A proposta tem como objetivo homenagear a professora Flávia Amboss Merçon Leonardo, uma das vítimas do ataque ocorrido em 25 de novembro de 2022, em Aracruz, que resultou na morte de três educadoras e uma estudante. Flávia era pesquisadora, ativista do Movimento dos Atingidos por Barragens (MAB) e defensora dos direitos humanos e da justiça socioambiental.
O projeto também revisita a atual denominação da escola, que homenageia Fernando Duarte Rabello, ex-reitor da Universidade Federal do Espírito Santo (Ufes) nomeado durante o período da ditadura militar.

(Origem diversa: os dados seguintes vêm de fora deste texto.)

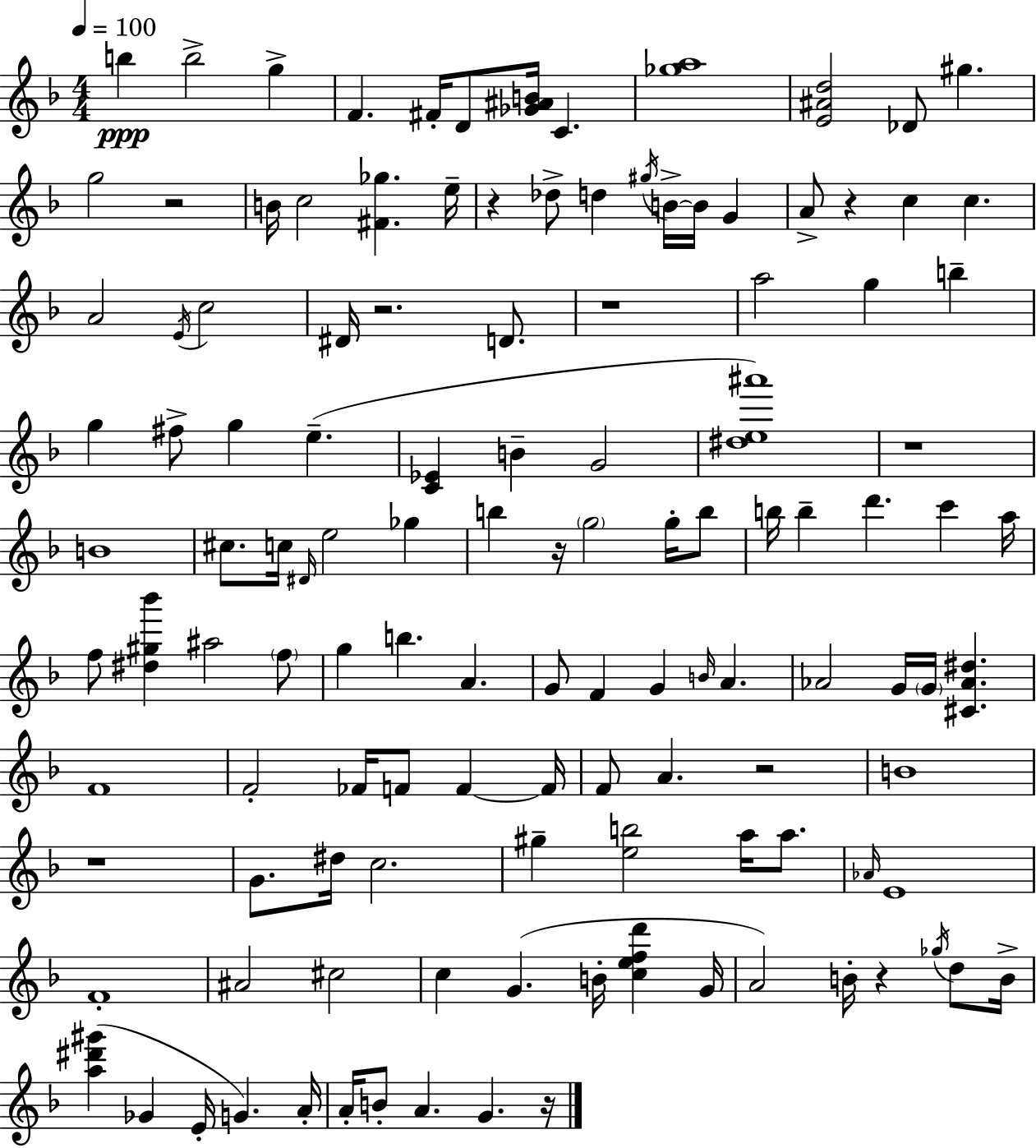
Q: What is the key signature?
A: F major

Segundo a autora da proposta, a mudança busca valorizar figuras ligadas à educação pública e aos valores democráticos.
Flávia era bacharel e mestre em Ciências Sociais pela Ufes e doutoranda em Antropologia Social pela Universidade Federal de Minas Gerais (UFMG). Seu livro, intitulado “Imprensados na crise: A gestão das afetações no desastre da Samarco (Vale-BHP)”, foi publicado postumamente pelo MAB em 2024.
Além da homenagem a Flávia, a deputada Camila Valadão indicou ao governo estadual que também sejam homenageadas as professoras Cybelle Passos Bezerra Lara e Maria da Penha de Melo Banhos, que lecionavam na Escola Estadual Primo Bitti, em Aracruz, e foram vítimas do mesmo atentado.

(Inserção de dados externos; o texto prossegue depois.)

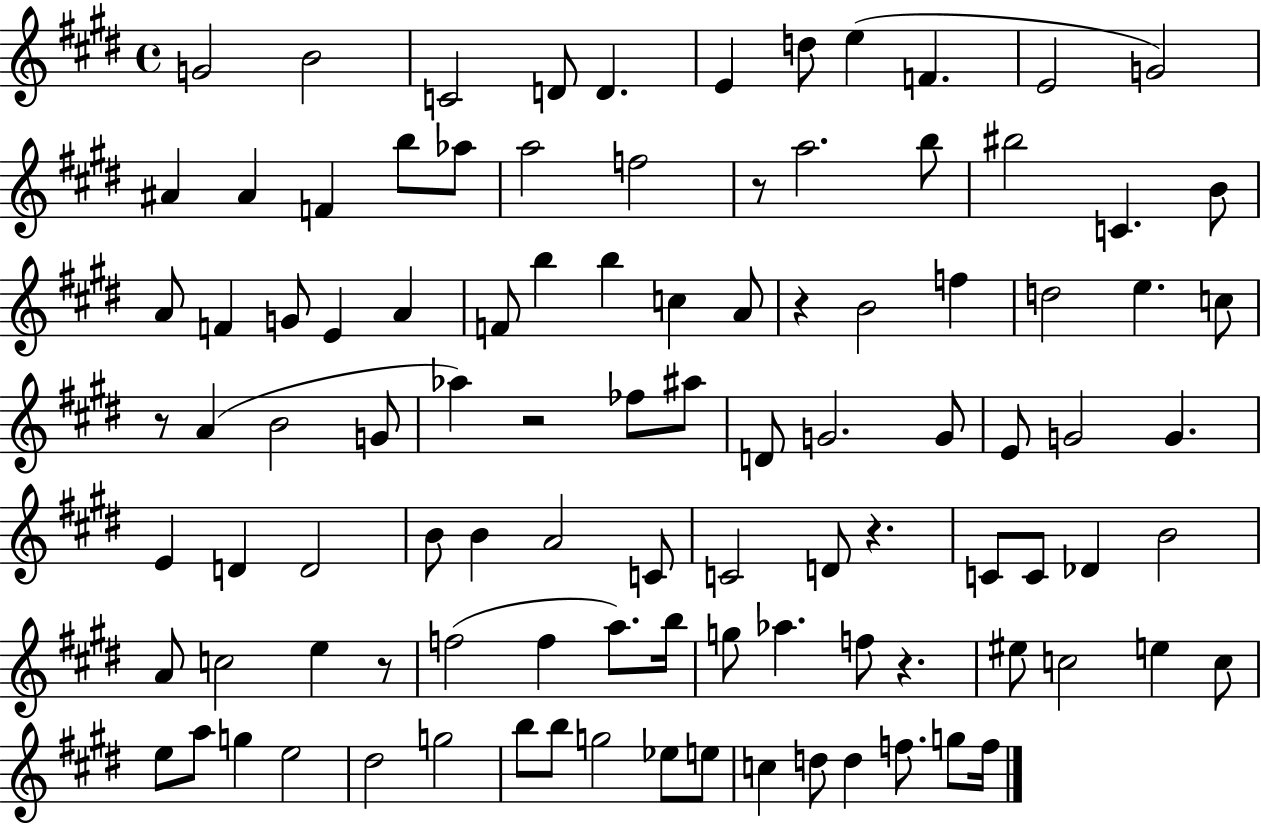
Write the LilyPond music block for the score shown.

{
  \clef treble
  \time 4/4
  \defaultTimeSignature
  \key e \major
  g'2 b'2 | c'2 d'8 d'4. | e'4 d''8 e''4( f'4. | e'2 g'2) | \break ais'4 ais'4 f'4 b''8 aes''8 | a''2 f''2 | r8 a''2. b''8 | bis''2 c'4. b'8 | \break a'8 f'4 g'8 e'4 a'4 | f'8 b''4 b''4 c''4 a'8 | r4 b'2 f''4 | d''2 e''4. c''8 | \break r8 a'4( b'2 g'8 | aes''4) r2 fes''8 ais''8 | d'8 g'2. g'8 | e'8 g'2 g'4. | \break e'4 d'4 d'2 | b'8 b'4 a'2 c'8 | c'2 d'8 r4. | c'8 c'8 des'4 b'2 | \break a'8 c''2 e''4 r8 | f''2( f''4 a''8.) b''16 | g''8 aes''4. f''8 r4. | eis''8 c''2 e''4 c''8 | \break e''8 a''8 g''4 e''2 | dis''2 g''2 | b''8 b''8 g''2 ees''8 e''8 | c''4 d''8 d''4 f''8. g''8 f''16 | \break \bar "|."
}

O ataque — que completa três anos em novembro — ocorreu em duas escolas, uma pública e outra particular, no bairro Coqueiral de Aracruz. As vítimas fatais foram as professoras Maria Penha Pereira de Melo Banhos (48 anos), Cybelle Passos Bezerra (45 anos), Flávia Amboss Merçon Leonardo (36 anos) e a estudante Selena Zagrillo (12 anos). Outras dez pessoas ficaram feridas.
Durante a Tribuna Popular da Assembleia, realizada em outubro, duas professoras sobreviventes do ataque cobraram do governo estadual medidas de reparação, mais segurança nas escolas e uma audiência com o governador Renato Casagrande.